Beachten Sie, dass das Modul als Webserver-Benutzer ausgeführt wird. Die verwendeten PAM-Module müssen daher in der Lage sein, die Benutzer zu authentifizieren, ohne dass sie Root-Rechte besitzen. Dies bedeutet, dass Sie, wenn Sie das Modul pam_unix.so zur Authentifizierung von Benutzern verwenden möchten, dem Webserver-Benutzer das Lesen der Datei /etc/shadow gestatten müssen, wenn Sie das nicht abschreckt (auf Debian-ähnlichen Systemen können Sie den Benutzer www-data zur Shadow-Gruppe hinzufügen).

Meine erste Frage ist, ob in diesem Fall „nginx“ der Webserver-Benutzer ist. Meine zweite Frage ist, wie ich die Berechtigungen für den Webserver-Benutzer festlegen kann, um die Datei /etc/shadow zu lesen. Kann mir bitte jemand die Schritte nennen, die bei ihm funktioniert haben? Ich habe viele Tutorials befolgt, die ich online gefunden habe, aber ohne Erfolg. Wenn ich derzeit auf die Site zugreife, bei der sich ein lokaler Linux-Benutzer anmelden können soll, erhalte ich zwar eine Authentifizierungsaufforderung (zur Eingabe von Benutzername und Passwort), aber wenn ich die Anmeldeinformationen eines lokalen Linux-Benutzers eingebe, ist dies erfolglos und ich werde einfach aufgefordert, sie erneut einzugeben.

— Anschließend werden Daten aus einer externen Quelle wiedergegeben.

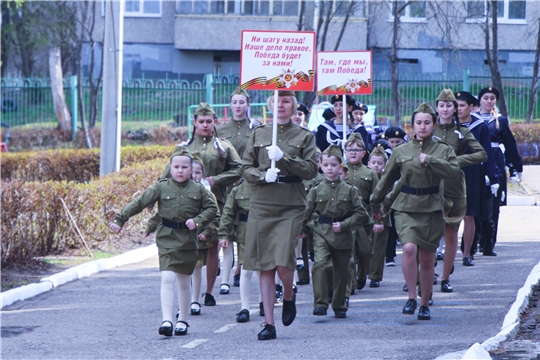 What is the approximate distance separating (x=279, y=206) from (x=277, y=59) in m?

Vielen Dank, ich bin für jede Hilfe dankbar und kann Ihnen bei Bedarf weitere Informationen geben.

Bearbeiten:

Ich habe PAM in nginx konfiguriert, indem ich nginx zunächst aus dem Quellcode erstellt habe, und zwar mit den SchrittenHier. In meiner nginx.conf-Datei habe ich oben die folgende Zeile hinzugefügt, um das PAM-Modul einzubinden...

load_module /etc/nginx/modules/ngx_http_auth_pam_module.so;

Ich habe die beiden folgenden Zeilen auch in meine Standortdirektive in nginx.conf aufgenommen …

auth_pam "Secure area";
auth_pam_service_name "nginx";

Im Verzeichnis „/etc/pam.d“ für die Nginx-Servicedatei habe ich die folgenden zwei Zeilen …

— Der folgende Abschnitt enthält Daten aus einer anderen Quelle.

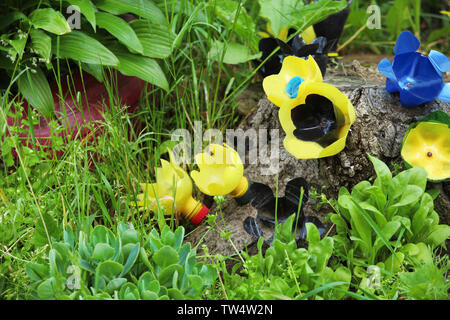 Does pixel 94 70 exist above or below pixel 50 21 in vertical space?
below

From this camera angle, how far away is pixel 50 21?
1.42 metres

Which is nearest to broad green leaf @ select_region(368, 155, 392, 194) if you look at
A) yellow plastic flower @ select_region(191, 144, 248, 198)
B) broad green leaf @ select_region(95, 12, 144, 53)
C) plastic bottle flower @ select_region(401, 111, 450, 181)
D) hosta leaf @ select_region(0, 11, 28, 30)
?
plastic bottle flower @ select_region(401, 111, 450, 181)

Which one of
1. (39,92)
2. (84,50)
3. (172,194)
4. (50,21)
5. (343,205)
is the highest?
(50,21)

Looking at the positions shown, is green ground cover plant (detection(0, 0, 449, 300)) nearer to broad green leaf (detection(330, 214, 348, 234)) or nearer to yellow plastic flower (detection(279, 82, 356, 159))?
broad green leaf (detection(330, 214, 348, 234))

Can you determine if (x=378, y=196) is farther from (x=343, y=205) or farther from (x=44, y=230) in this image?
(x=44, y=230)

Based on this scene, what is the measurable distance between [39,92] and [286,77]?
0.81 metres

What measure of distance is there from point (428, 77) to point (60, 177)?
1.06 m

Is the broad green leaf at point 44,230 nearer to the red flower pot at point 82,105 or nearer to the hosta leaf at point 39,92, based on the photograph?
the red flower pot at point 82,105

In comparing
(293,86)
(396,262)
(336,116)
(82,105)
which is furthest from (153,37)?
(396,262)

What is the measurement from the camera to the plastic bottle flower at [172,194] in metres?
1.31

auth required /usr/lib/security/pam_unix.so
account required /usr/lib/security/pam_unix.so

Mit Blick auf dieLiesmichfür das ngx http auth pam-Modul sehe ich, dass ich dem Webserver-Benutzer Leseberechtigung für die Datei /etc/shadow erteilen müsste. Dazu habe ich zuerst eine neue Gruppe namens „shadow“ erstellt. Dann habe ich den Webserver-Benutzer (von dem ich annehme, dass es nginx ist) der Gruppe „shadow“ zugewiesen. Dann habe ich die Berechtigungen für die Datei /etc/shadow geändert. Die Befehle, die ich dazu ausgeführt habe, sind unten aufgeführt …

groupadd shadow
usermod -a -G shadow nginx
chown root:shadow /etc/shadow
chmod g+r /etc/shadow

Anschließend habe ich die Berechtigungen für die Datei /etc/shadow mit dem Befehl

ls -l /etc/shadow

und das war die Ausgabe ...

----r-----. 1 root shadow 1390 Aug 30 12:51 /etc/shadow

Ich habe auch ein Passwort für den Nginx-Benutzer festgelegt. Und um es noch einmal zu wiederholen: Wenn ich auf die Site zugreife, für die ich eine Authentifizierung durchführen möchte, werde ich beim Eingeben des Nginx-Benutzernamens und -Passworts einfach erneut aufgefordert, diese einzugeben.